I have since confirmed as detailed in this post that the normalized correlation coefficient $\rho$ is a magnitude quantity in that the relationship between SNR and $\rho$ repeated here is:
$$\text{SNR} = 10\log_{10}\frac{\rho^2}{1-\rho^2}$$
Where in this case for an SNR relationship to $\rho$, the correlation involved is the correlation of $x(t)$ being a reference waveform as signal to $y(t)$ which is the same signal with added noise. (So that the SNR of $y(t)$ is determined in this case).
However I also understand and see directly from the math that the autocorrelation (at $\tau=0$ if we are referring to the autocorrelation function) is the variance (scaled by the number of samples), which is a power quantity, and we see the sum of products in the general expression for correlation suggesting a sum of powers. How do we reconcile all this?
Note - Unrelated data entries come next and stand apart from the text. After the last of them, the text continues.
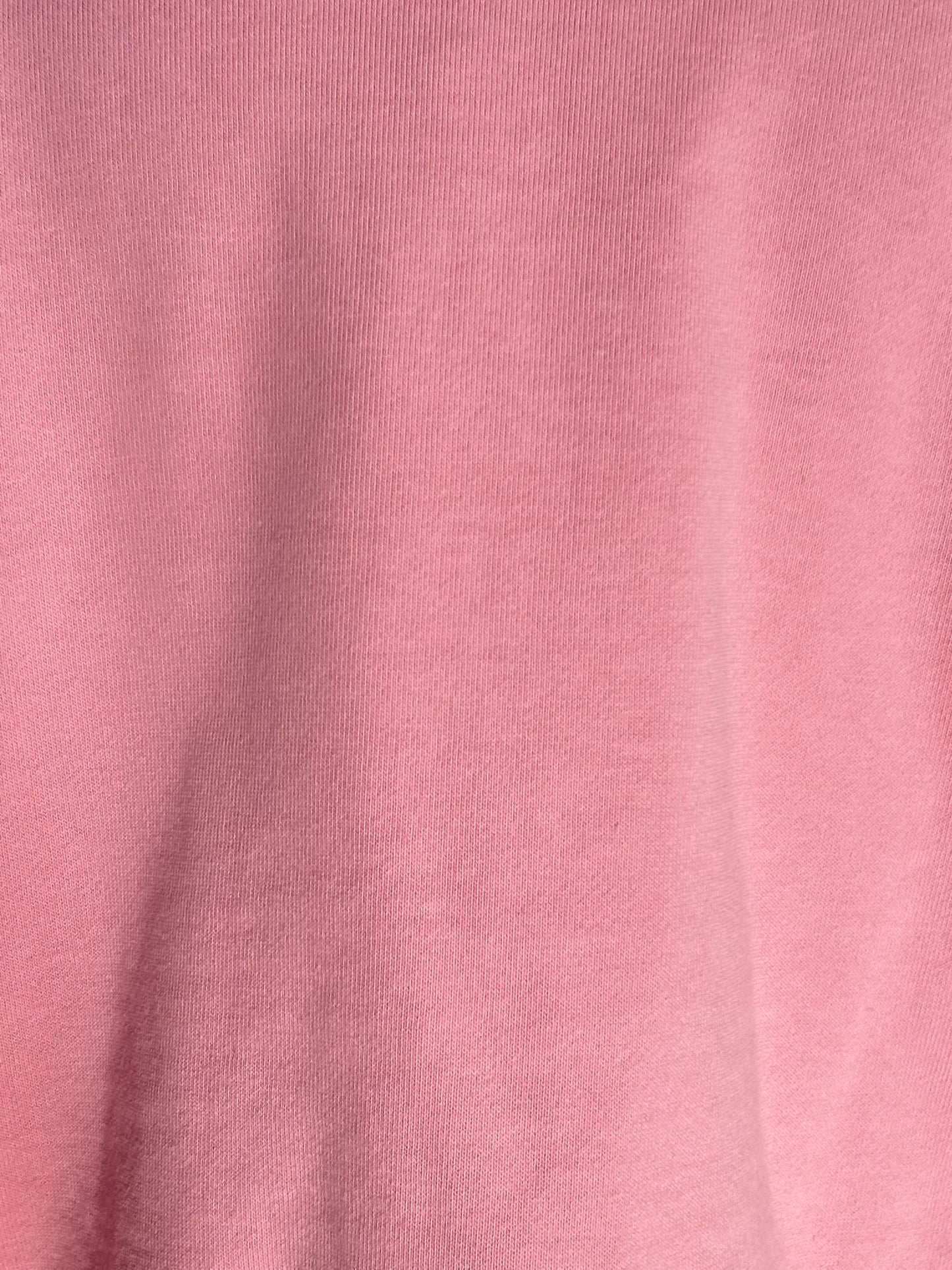 <SL2233687> ハートレタリングスウェット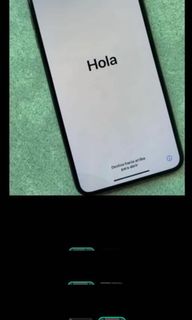 （分類：）位於 。 由 zerohou 提交（商品編號 1016670901，圖片 1）。簡介： 。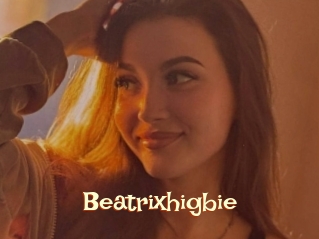Beatrixhigbie
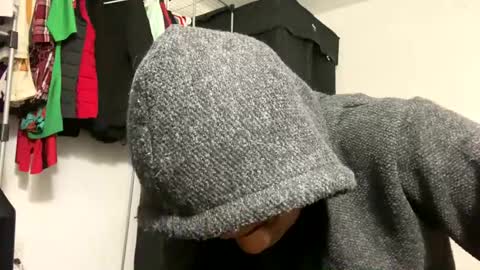 orezz online show from January 11, 2025, 11:23 am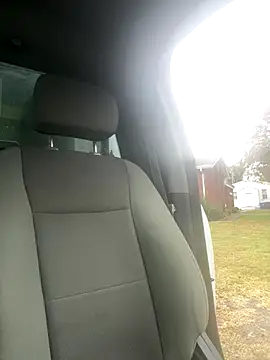 Snapshot of demonpt3 chatting on October 2025 06:45:02 PM demonpt3 online show from October 2025 06:45:02 PM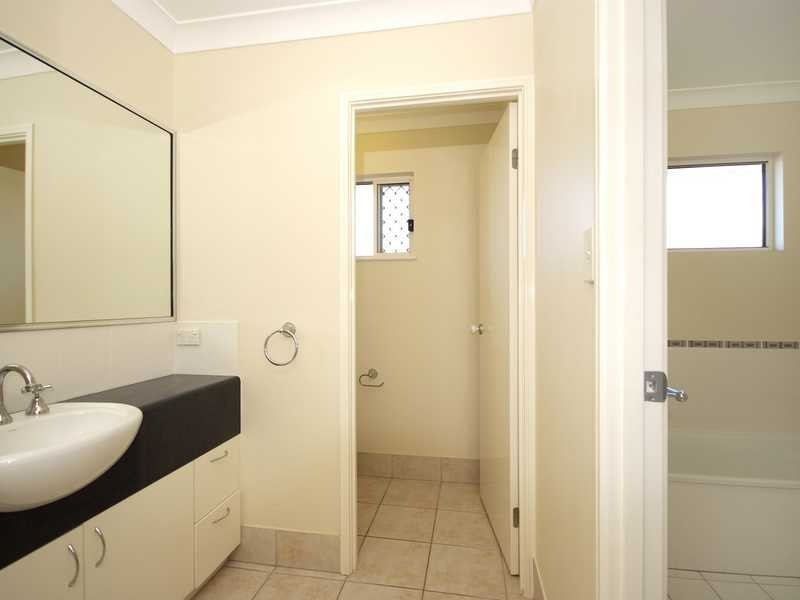 14 Messina Close, Kanimbla QLD 4870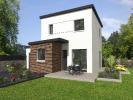 Vente Maison Landeda  96 m2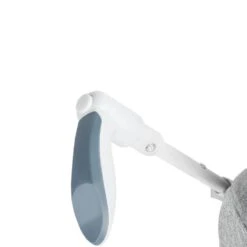 Lionelo Poussette Irma Grey & Dark Grey 37 Lionelo Poussette Irma Grey & Dark Grey -Lionelo le041055684 16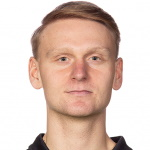 J. Åberg photo
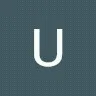 Usman Sheikh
Is it that the normalized coefficient through it's normalization process:
$$\rho = \frac {\operatorname*{cov}(x,y)}{\operatorname*{stddev}(x)\operatorname*{stddev}(y)} $$
Has this converted the power quantity of the numerator back to a magnitude quantity, and therefore correlation on its own (the numerator) IS a power quantity, while the correlation coefficient IS a magnitude quantity? If so, I don't yet quite see how. Or is it something else entirely?